2020 Business Predictions: James Longley, Managing Director of Utility Bidder

It’s that time of year, when Business Link Magazine invites the region’s business leaders to offer up their predictions for the year ahead. It has become something of a tradition, given that we’ve been doing this now for over 30 years.

While none of us possess a crystal ball, it is uncanny how accurate some of these forecasts have been over the years.

Today, we speak to James Longley, Managing Director of Utility Bidder.

This year is set to be a landmark year for many reasons within the energy sector. The onset of Brexit in the United Kingdom, the start of a crawl towards sustainability targets and more savings needing to be made than ever before.

As we enter 2020, it seems tempting just to treat it like any other year. A majority of SMEs will cautiously set out goals and aims for the year and budgets will be set as usual. However, for those that are not aware, sustainability and energy efficiency should be the standout aims for the year.

You may not be aware, but targets have been set by the government of being carbon neutral by 2050. This may seem far into the future, after all, 30 years is a long time, but it is those that start to make the changes now that will reap the most benefits.

The two things I would argue businesses in the East Midlands could start easily with are:

Conducting an energy audit – This is a relatively simple step most companies can set up for themselves. Simply taking a detailed look and review of energy efficiency can make all the difference. It can identify where excesses are being spent, where improvements might be able to be quickly actioned and also gives you an idea of whether you are paying too much for your energy.
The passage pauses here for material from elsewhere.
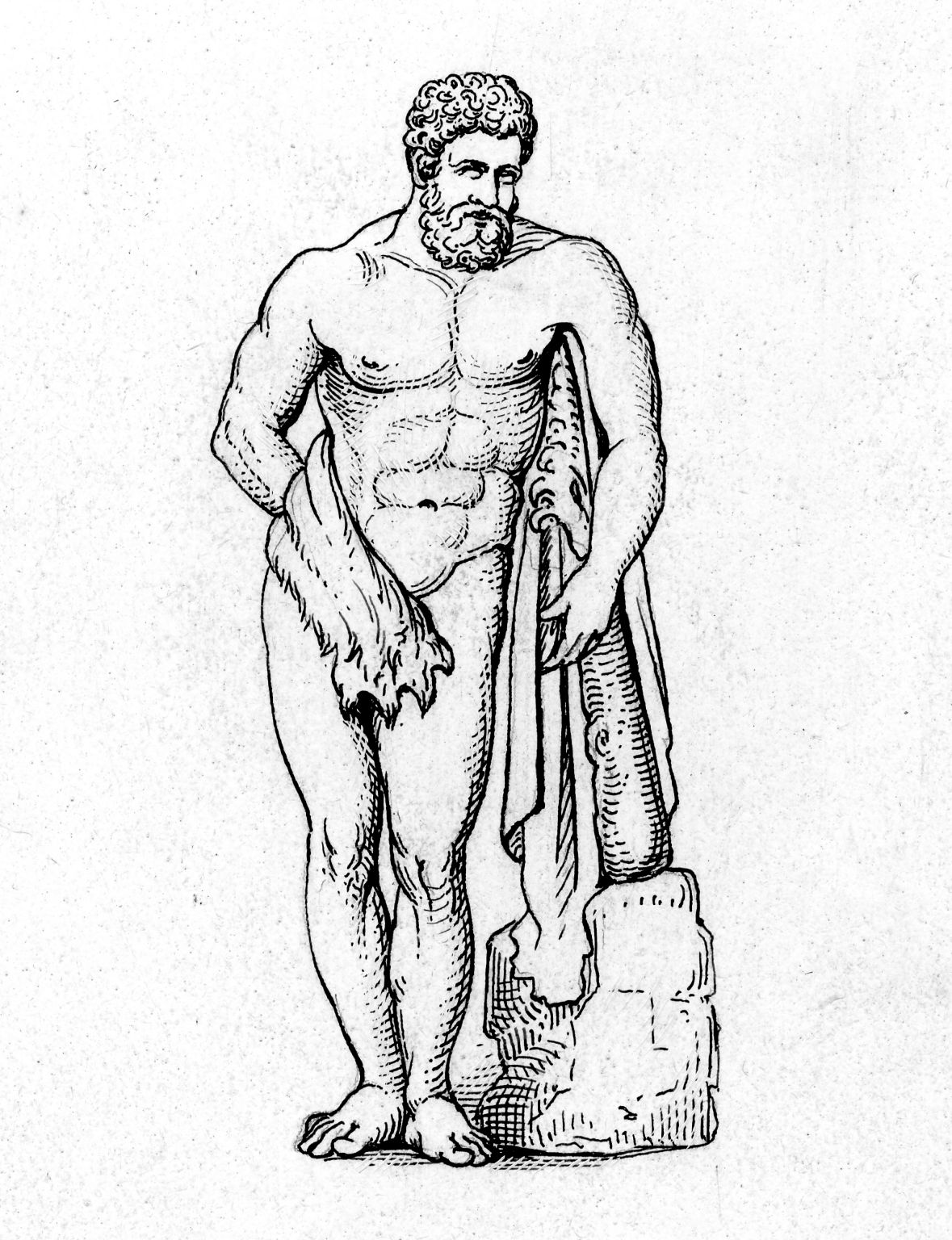 Héraclès, héros grec (identifié à Hercule par les Romains), représenté avec sa massue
Setting up an energy efficiency team – On top of any changes businesses make to their energy policies or any advantages they can find from an audit, having a bought-in group within your business can help encourage culture change when it comes to energy. A monthly, informal meeting to discuss and set targets can really foster a sense of collective responsibility.
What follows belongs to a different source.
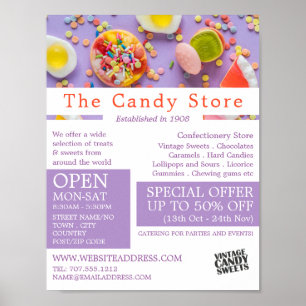 Colorful Candy, Confectionery Supplies Advert Poster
If you at least start here, who knows where your sustainability journey could take you this year?

It is sometimes baffling that businesses do not address issues like this earlier. In regard to the 2050 targets, many individual regions are bypassing this 30-year wait and are addressing their carbon footprint aims earlier. For example, the Greater Manchester region’s Mayor, Andy Burnham, has even announced that the region will be aiming for more than a decade earlier in 2038. This is mainly being achieved through encouragement of behaviour change amongst residents but will be a great tool to motivate SMEs and larger companies in the area to take action too.

The biggest hurdle we often have to overcome is apathy and mindset. Unless SMEs take this issue of carbon neutrality seriously, then the fight to make it happen is difficult before it even begins. Once major players get involved, it should be a relatively easy win, but until then we simply do not know.

Add to this the uncertainty on the energy industry as we approach Brexit and you have more than reason enough to sit up and take notice of what could be a very interesting year indeed.